Konstantin von Notz, Green Party lawmaker and member of the investigative committee on the NSA activities, criticized Thomas de Maiziere, who is now the interior minister, for refusing to make public comments on the recent scandal, citing the secret character of the cooperation between BND and NSA.
“What we need now is transparency to find the truth, one cannot now clear things up with secretiveness or cover-up," von Notz told public television ARD.
"Merkel has promised to clarify this. Now the documents should be sent to our commission without delay," he stressed.
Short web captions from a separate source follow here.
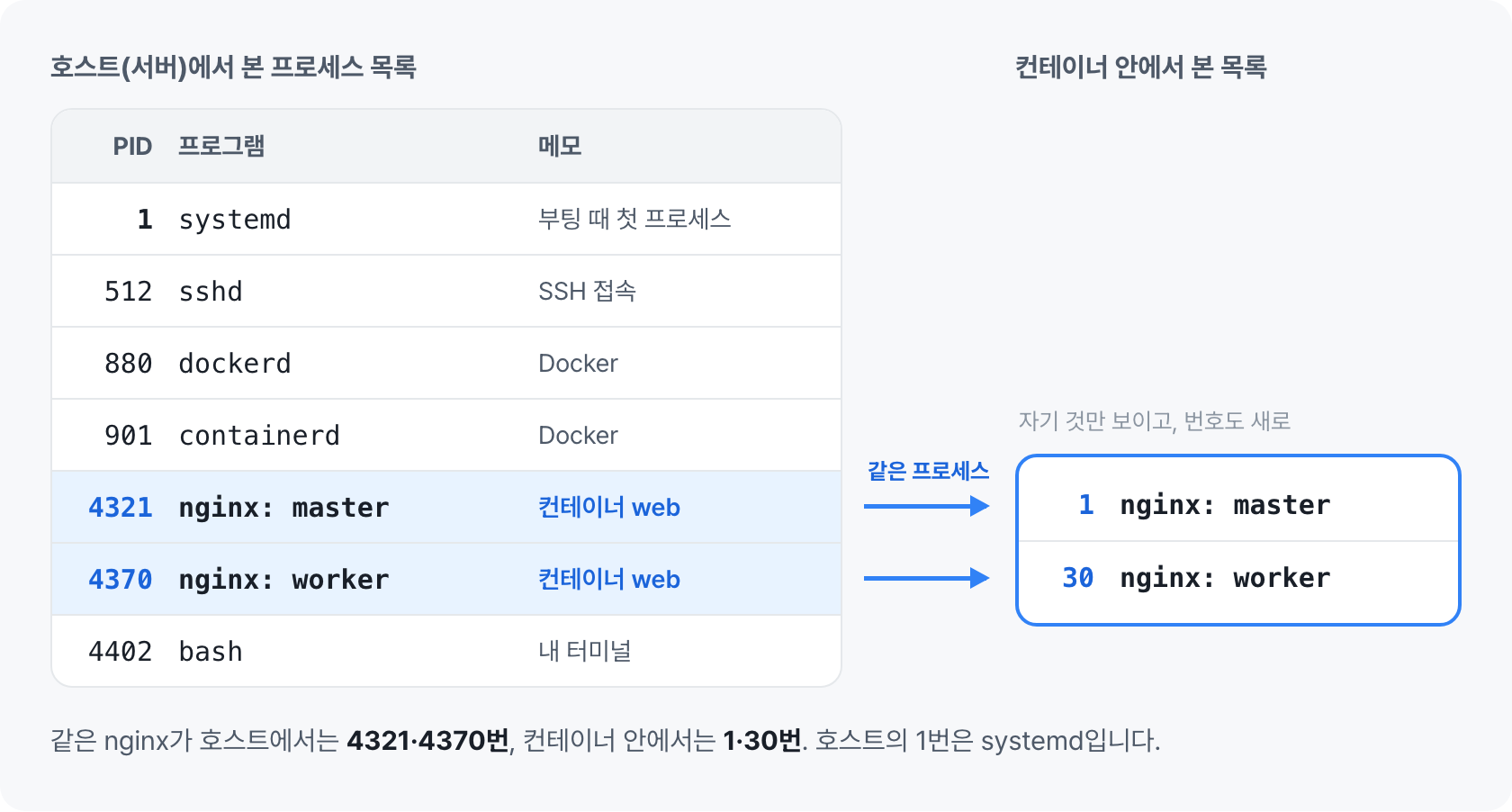 호스트의 프로세스 목록에서 4321번, 4370번인 nginx가 컨테이너 안에서는 1번, 30번으로 보이는 그림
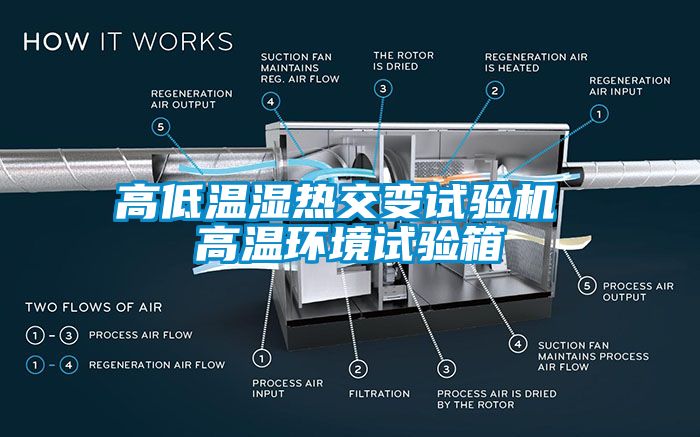高低溫濕熱交變試驗機 高溫環(huán)境試驗箱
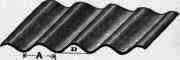 Mallet s Buckled Plates 300173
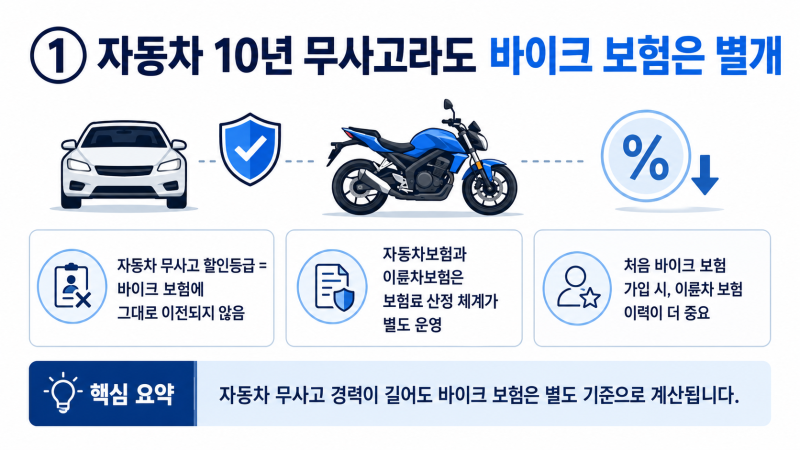 자동차 20년 무사고인데 바이크 보험은 왜 비쌀까?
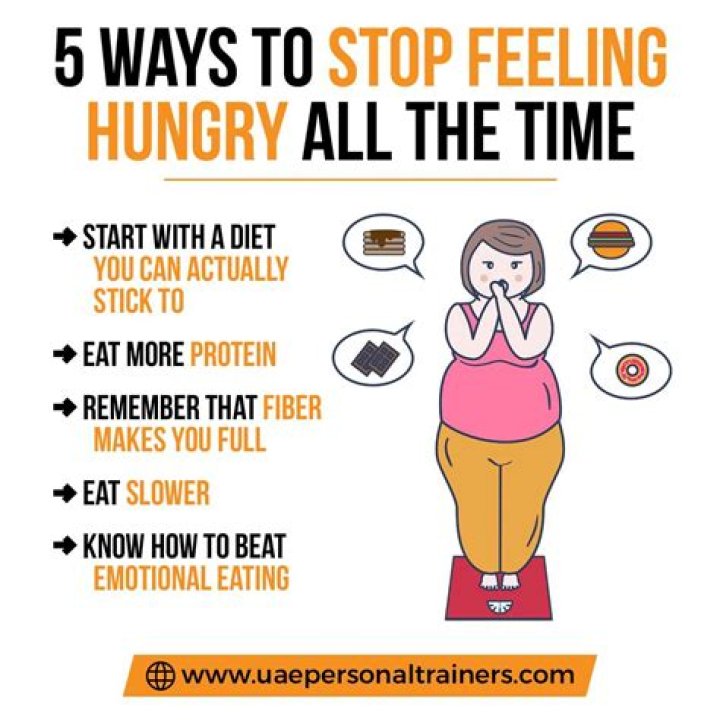 When hungry are you burning fat?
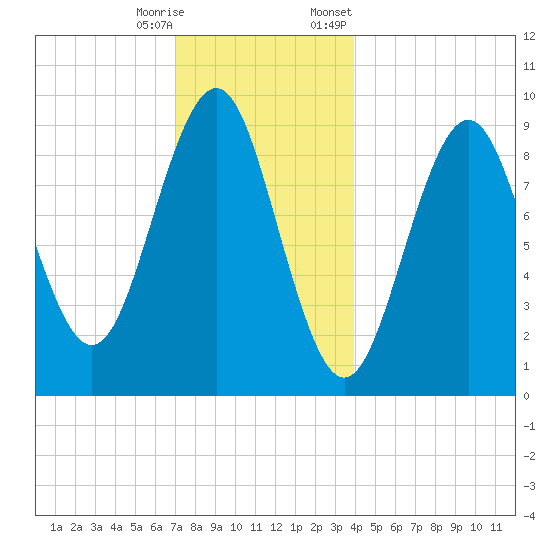 Castine tide chart for Wednesday, December 17, 2025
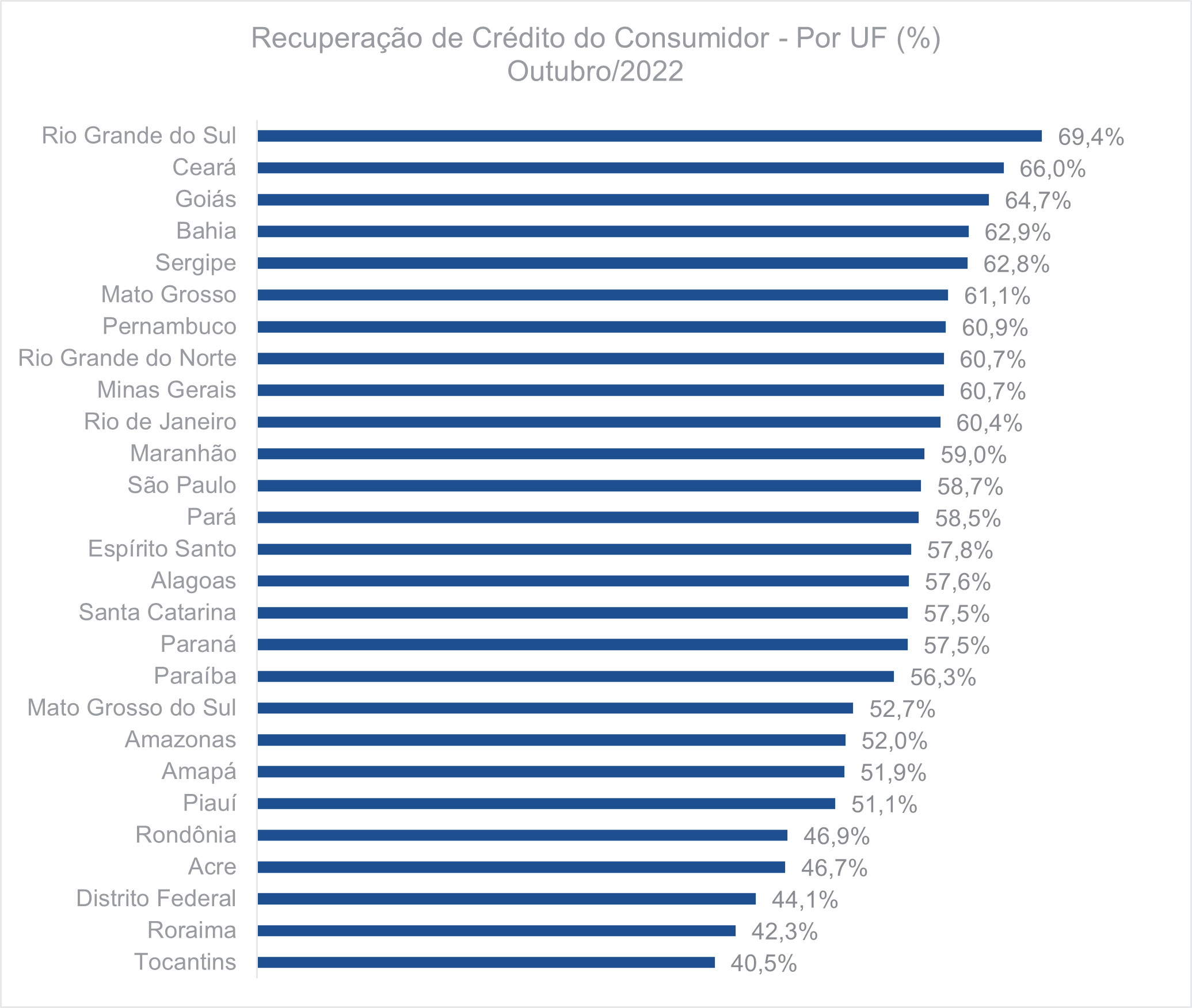 Recuperação de crédito do consumidor Por UF Outubro 2022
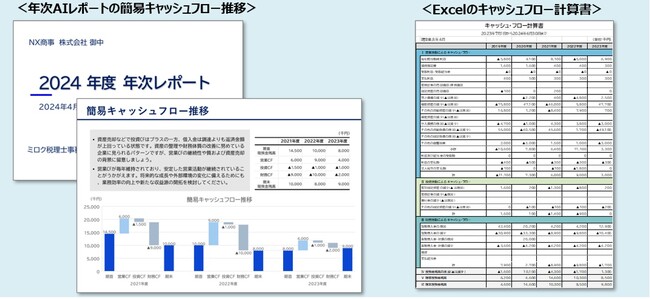 DXプラットフォーム『Hirameki 7』の「経営分析プラス」に「簡易キャッシュフロー計算書の自動作成」ほか新機能登場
De Maiziere has promised to help the inquiry on the scandal and is expected to present himself before the Parliamentary Control Panel, which oversees the activities of Germany’s intelligence services, in a closed meeting next week.
Germany’s main opposition The Left Party called for the resignation of the officials who had a responsibility in the recent scandal.
Left Party lawmaker Andre Hahn, member of the Parliamentary Control Panel, said that it was still not clear whether Merkel had been previously informed of the scandal.
"But one thing is clear. If the NSA had spied against German and European interests for years with the help of the BND, this should have a consequence. Both at the top of BND, and within the Chancellery,” he said in a statement posted on the webpage of The Left Party.
German government spokesman Steffen Seibert said Wednesday that Chancellor Angela Merkel has instructed the BND to conduct a comprehensive investigation on the situation.
He dismissed claims that the government knew about the scandal but did not inform the parliament.